The Manchester (CT) School Board has voted on a compromise budget plan that would allow the district to slash $1 million from its operating budget and, at the same time, avoid teacher layoffs. The final version of the plan estimates that the district will spend $100.65 million during the 2012-13 fiscal year which is within the limits imposed by the board of directors. The strict spending limit is a quirk of the state's education budgeting rules which allow the board of directors to set the funding level and leaves it to the school board to decide how to use it.
The initial plan called for elimination of 4 elementary teachers, which would have saved the district more than $218,000. Instead, the board decided to defer replacement of all four maintenance trucks, allocating funds to buy only one new one next year and temporarily under-fund the state's accidental insurance program.
In addition, the school board hopes to convince the board of directors to give it an additional $183,681 to make up a shortfall in the district's transportation program.
The directors had said when they approved the overall budget in April that the school board could request the additional transportation funds, and school board Chairman Chris Pattacini said at the time that he would take them up on the offer.
The initial proposal that included cutting four teachers, Pattacini said Tuesday, shows "the dire need that public education is facing." He noted that $1.8 million in federal funding in this year's budget will not be available in the next school year and that school officials had made requests totaling about $2.4 million that the school board could not fund.

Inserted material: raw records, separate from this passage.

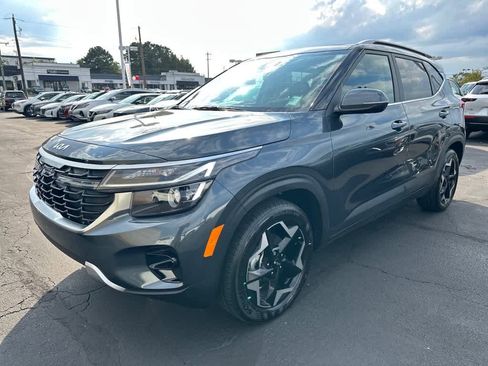 Used 2025 Kia Seltos EX w/ EX Sunroof Package image 7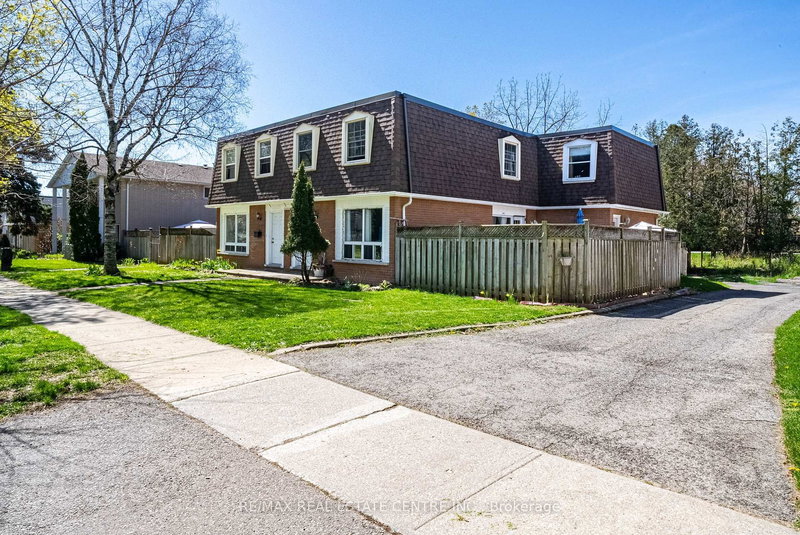 648-654 Francis Rd SW, Burlington, L7T 3X7 | Image 3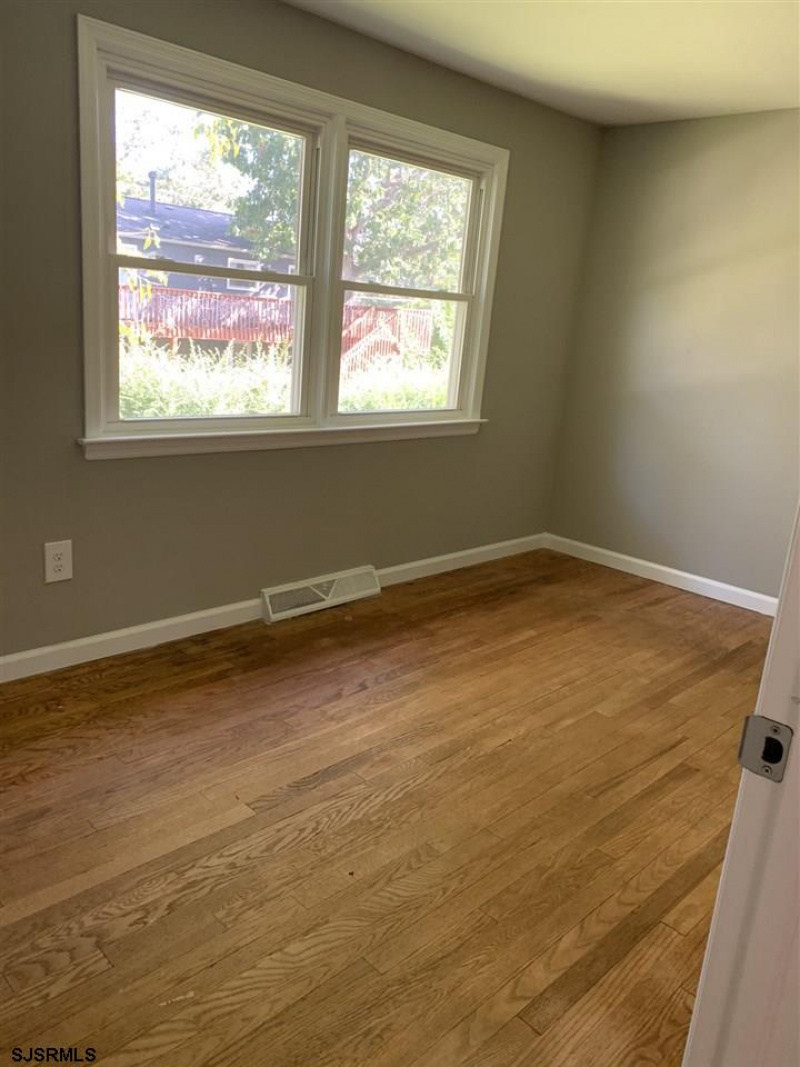 6313 Harding Hwy, Mays Landing, New Jersey 08330, 4 Bedrooms Bedrooms, 8 Rooms Rooms,1 BathroomBathrooms,Residential,For Sale,Harding Hwy,542106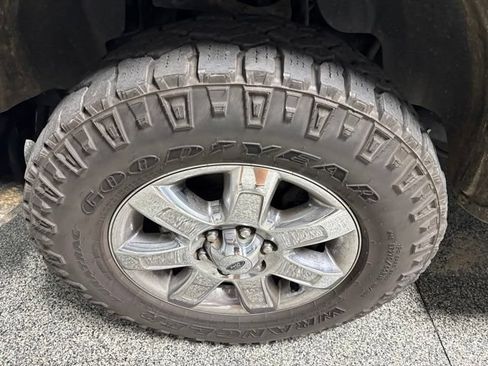 Used 2014 Ford F150 XLT w/ Equipment Group 302A Luxury AWD/4WD image 3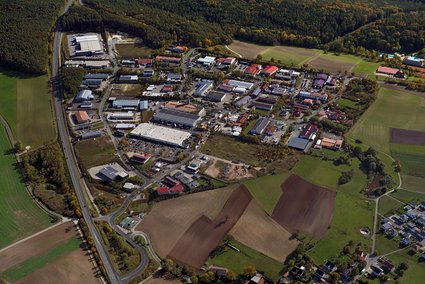 Luftbild von der Stadt Neustadt a.d.Aisch.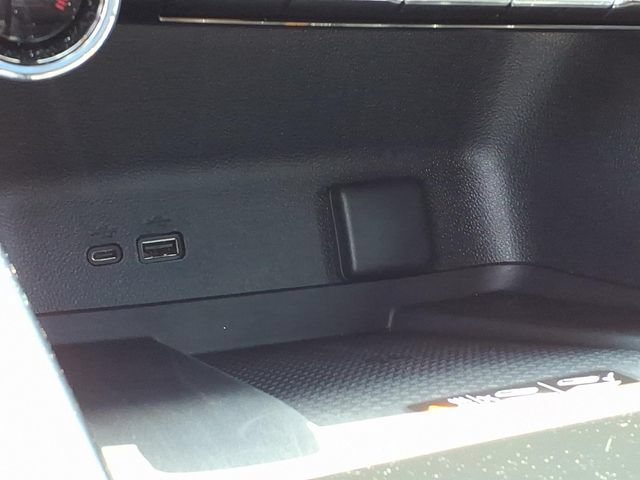 Used 2026 Chevrolet Traverse RS FWD image 23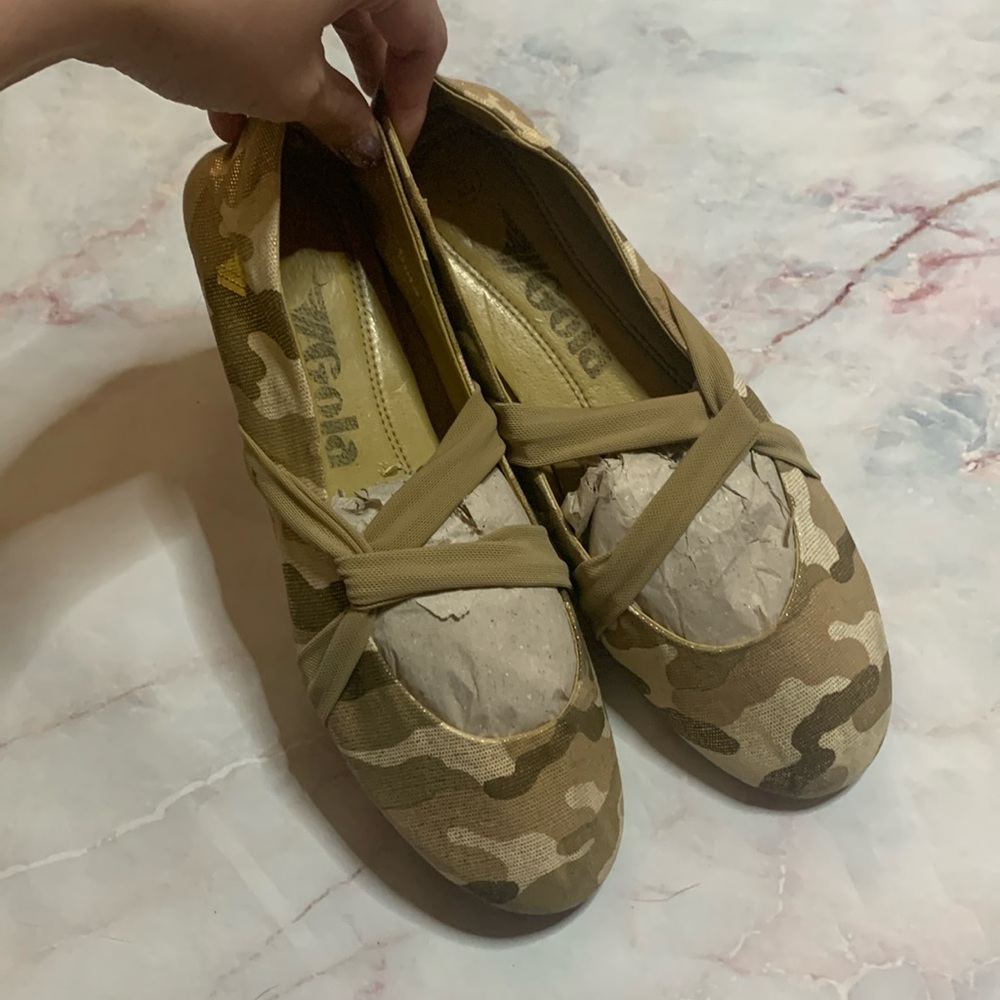 Gola gold Camo leather ballet flat size 9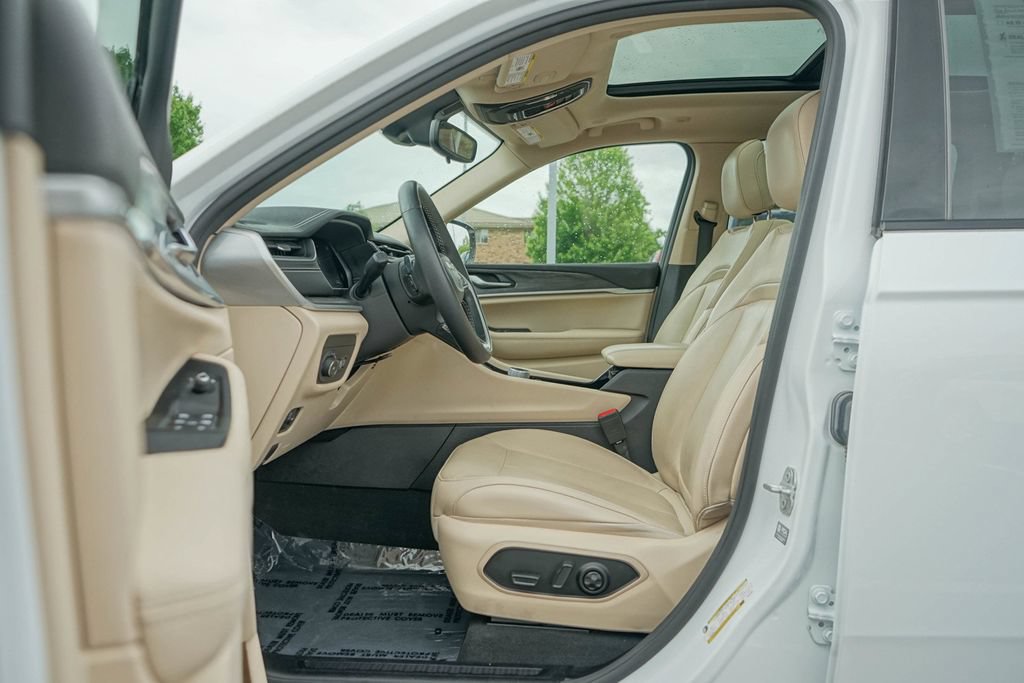 Used 2022 Jeep Grand Cherokee Limited AWD/4WD image 13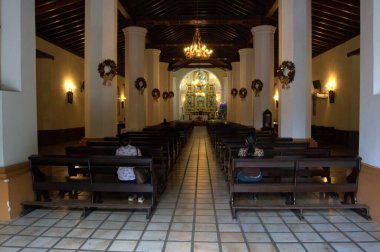 Eski kilisenin içinde.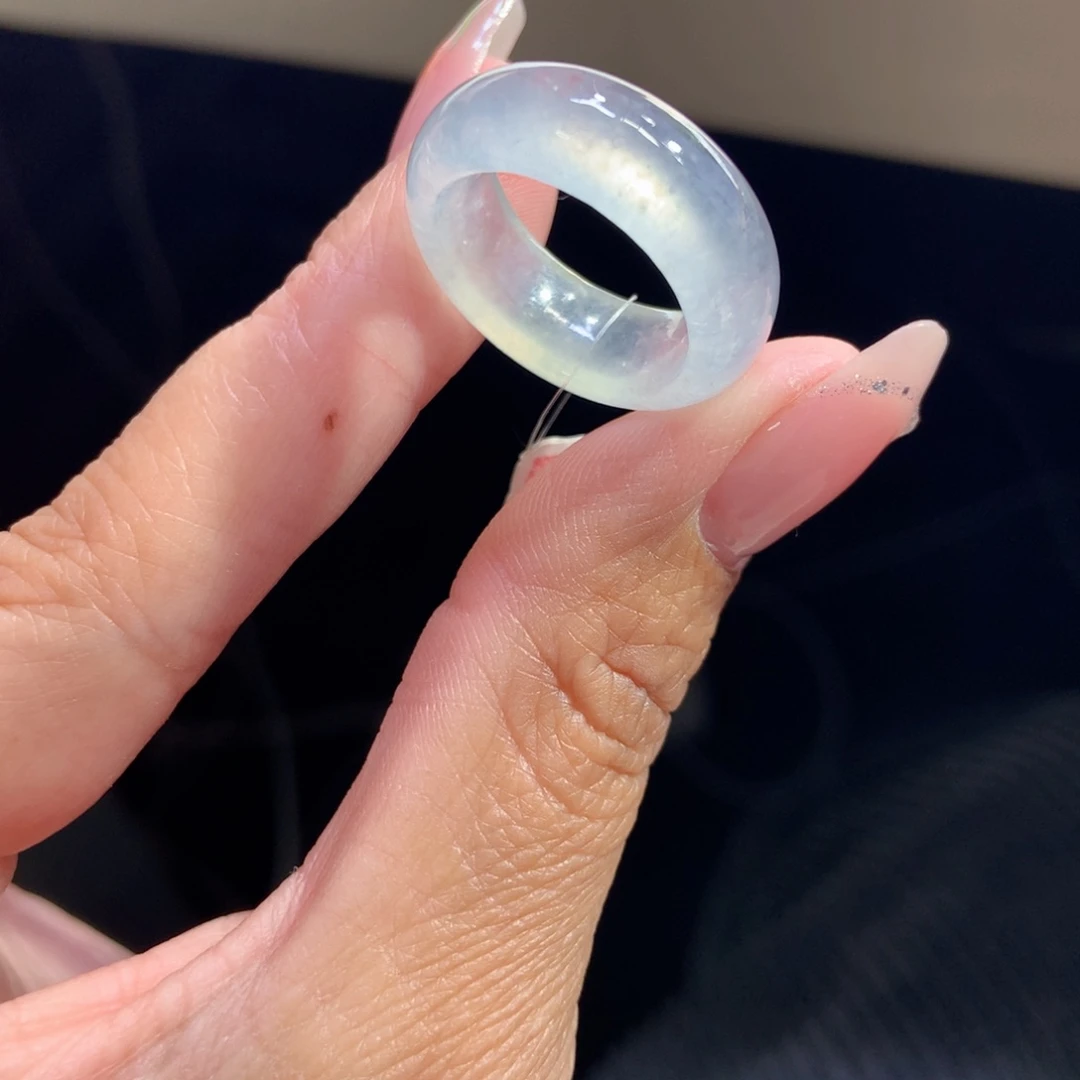 翡翠戒指未镶嵌翡翠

Manchester is one of the Connecticut school districts classified as low-performing or an "alliance" district and is therefore entitled to an additional $1.34 million in state educational aid. However, to become eligible to receive that money, the district must first submit a detailed spending plan, outlining how the funds will be allocated to best bring about an improvement in students' academic outcomes.
The additional state money comes as a result of the recently signed education reform bill which aims to close the academic achievement gap in Connecticut schools, which is the largest of any state in the country.
The law's provisions also include a new plan to turnaround failing school districts and a new tougher teacher evaluation system which will allow districts to link tenure decision to teacher performance.
A limited pilot program to assess the new teacher evaluation system is scheduled to begin next year. The current plan is to fully implement it in all Connecticut school districts by the 2014-15 school year. The reform bill budgets about $100 million to fund the pilot program and plan its eventual full deployment.